- Adopted: 4 August 1766

= Coat of arms of Martinique =

Martinique, a région and overseas département of France in the Caribbean, has historically used a coat of arms with four white fer-de-lance vipers since 4 August 1766. However, the coat of arms has become controversial due to its association with the territory's history of slavery, and its use has been discouraged by local Martinicans. The Regional Assembly has adopted a distinctive logo to represent the Territorial Collectivity of Martinique.

==Coat of arms==

The coat of arms of Martinique is based on the island of Martinique's controversial snake flag which features a white cross on a blue field with a white fer-de-lance viper (Bothrops lanceolatus) in each corner. The symbol was first used following a 4 August 1766 edict specifying that vessels of the French colony of Martinique and Saint Lucia should fly a version of the French ensign—which at the time was a white cross on a blue field—with L-shaped (for Lucia) snakes in each quarter of the cross. The controversy comes as those vessels were active participants in the Trans-Atlantic Slave Trade with locals highly discouraging the use of the flag, and by extension the coat of arms.

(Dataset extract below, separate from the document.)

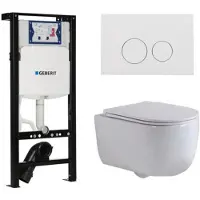 Geberit QeramiQ Dely Swirl Toiletset - 36.3x51.7cm - Inbouwreservoir met UP320 spoelmechanisme - slim zitting - glans witte bedieningsplaat - ronde knoppen - wit glans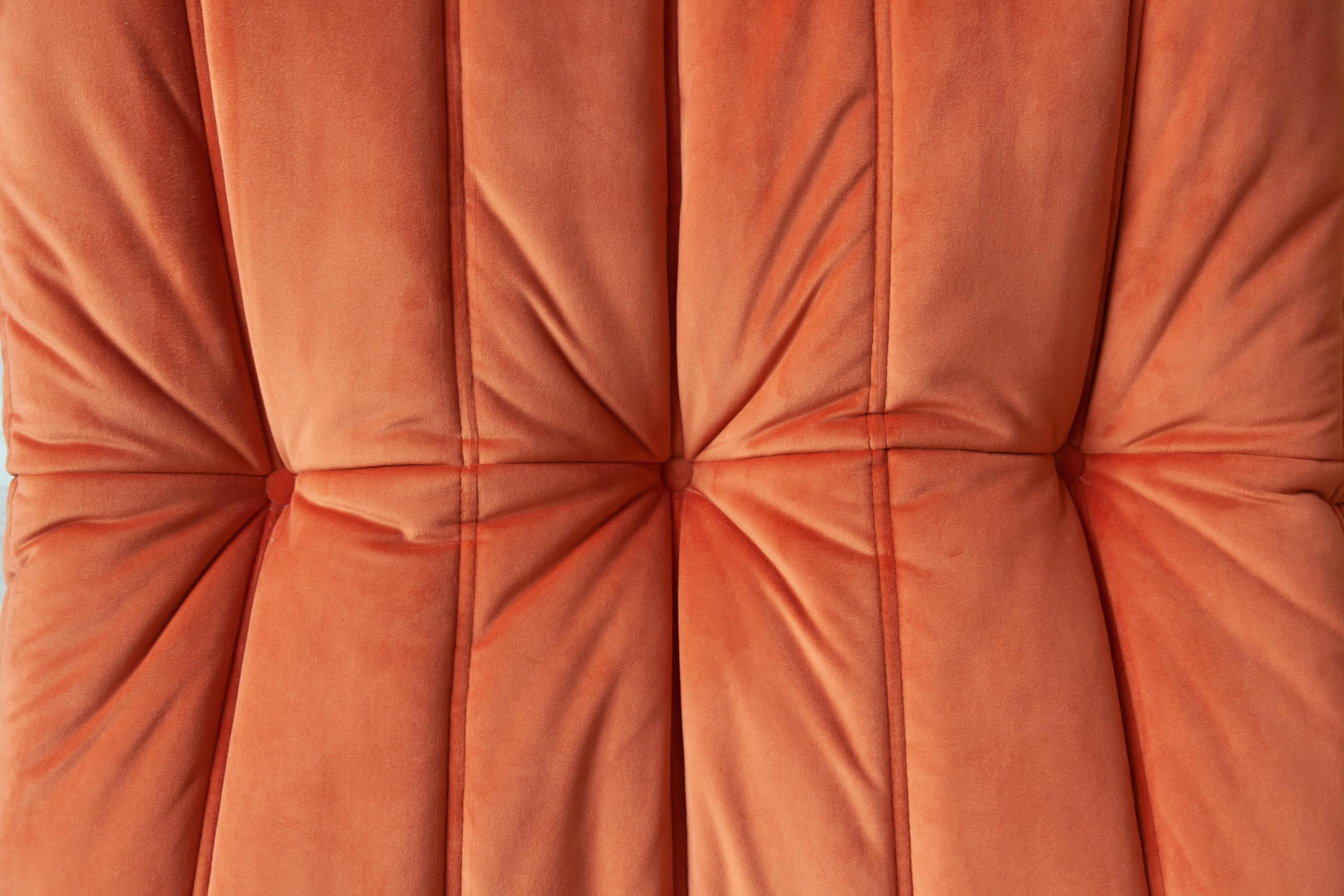 Orange Velvet Togo Sofa Set by Michel Ducaroy for Ligne Roset, Set of 5 In Excellent Condition For Sale In Berlin, DE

In October 2018, the National Gendarmerie directorate in Martinique stopped using the emblem by order of President Emmanuel Macron.

==Logo==

Emblem of the Territorial Collectivity of Martinique

The Territorial Collectivity of Martinique has adopted a logo to represent itself. The logo was adopted on 1 August 2016, following a design competition opene to all people of age living in Martinique. Out of 647 eligible proposals, a design by 22-year-old graphic artist Stévy Desbonnes was selected. The logo features a hummingbird whose wings form a stylized map of Martinique. The ochre colour represents the local soil and the blue represents the ocean.